Extol the Indian Worker — and Consumer
Every time Obama condemns outsourcing, it sends a wave of bad feeling through India. But, despite all the fears about jobs moving overseas, it wasn't the Chinese factory workers or Indian software engineers who were the undoing of the American economy. It was the bankers on Wall Street. And who's going to spend American companies out of this recession? Consumers in India and China. "We understand that President Obama will be responding to domestic issues," says Kapil Sibal, a Member of Parliament and longtime leader of the ruling Congress Party. "All this talk about limiting outsourcing and penalizing those who do, or taking away tax benefits, is something that they would hesitate to do." Still, as the rhetoric heats up, that makes it more difficult for the U.S. to push India to open up its markets. "I don't think it overwhelms everything," says one senior U.S. official, but it is "a complicating factor."

Be Frank About Pakistan
U.S. officials may be privately pressuring Pakistan to crack down on jihadi groups operating in its territory, but India is looking for a public statement, something like the harangue that then President Bill Clinton delivered after his five-day India visit in 2000. Obama is unlikely to go so far, but he should find a way to convey to India that he is aware of Pakistan's unreliability as an ally. "There is no one here in Washington that is oblivious to the fact that Pakistan is playing a double game," Tellis says. Failing to get that message across could put India's role in Afghanistan — it has already contributed $1.2 billion in reconstruction aid — in doubt. "If the U.S. fails to rein in the Pakistani military establishment ... it may be increasingly difficult for India to sustain its presence in Afghanistan," says Vishal Chandra, a researcher on Afghanistan at the Institute for Defense Studies and Analyses in New Delhi.
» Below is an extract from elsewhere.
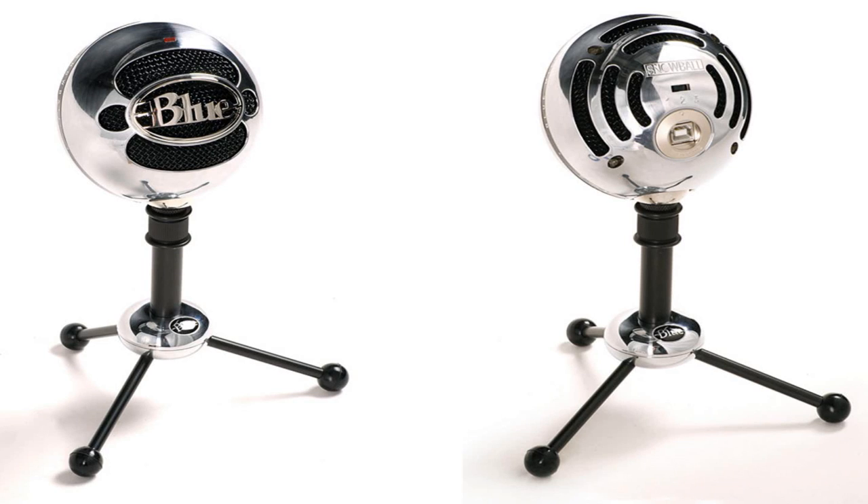Hello YouTube. This is a sound test of the Blue Snowball brushed aluminum version. Now, I understand that doesn't make a difference in the actual sound quality. However, it is nice in appearance.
Make a Personal Connection
At the very least, Obama might look for an India-U.S. connection somewhere in the far-flung branches of his family tree. Singh, for his part, has a daughter in the U.S., a human-rights lawyer who helped document U.S. abuses at Abu Ghraib. And those nuns from Nazareth? Most of them did eventually return to their old Kentucky home. Their hospital in Mokama, meanwhile, has survived decades of rural gang warfare and established one of India's first HIV-screening facilities. They also built a nursing school that trained hundreds of Indian nurses, many of whom emigrated to the U.S., becoming a familiar presence in American hospitals. Their American children have grown up to become doctors, lawyers, soccer moms and — in my case — a journalist. As any traveler to India will tell you, journeys in that country tend to lead in unexpected directions.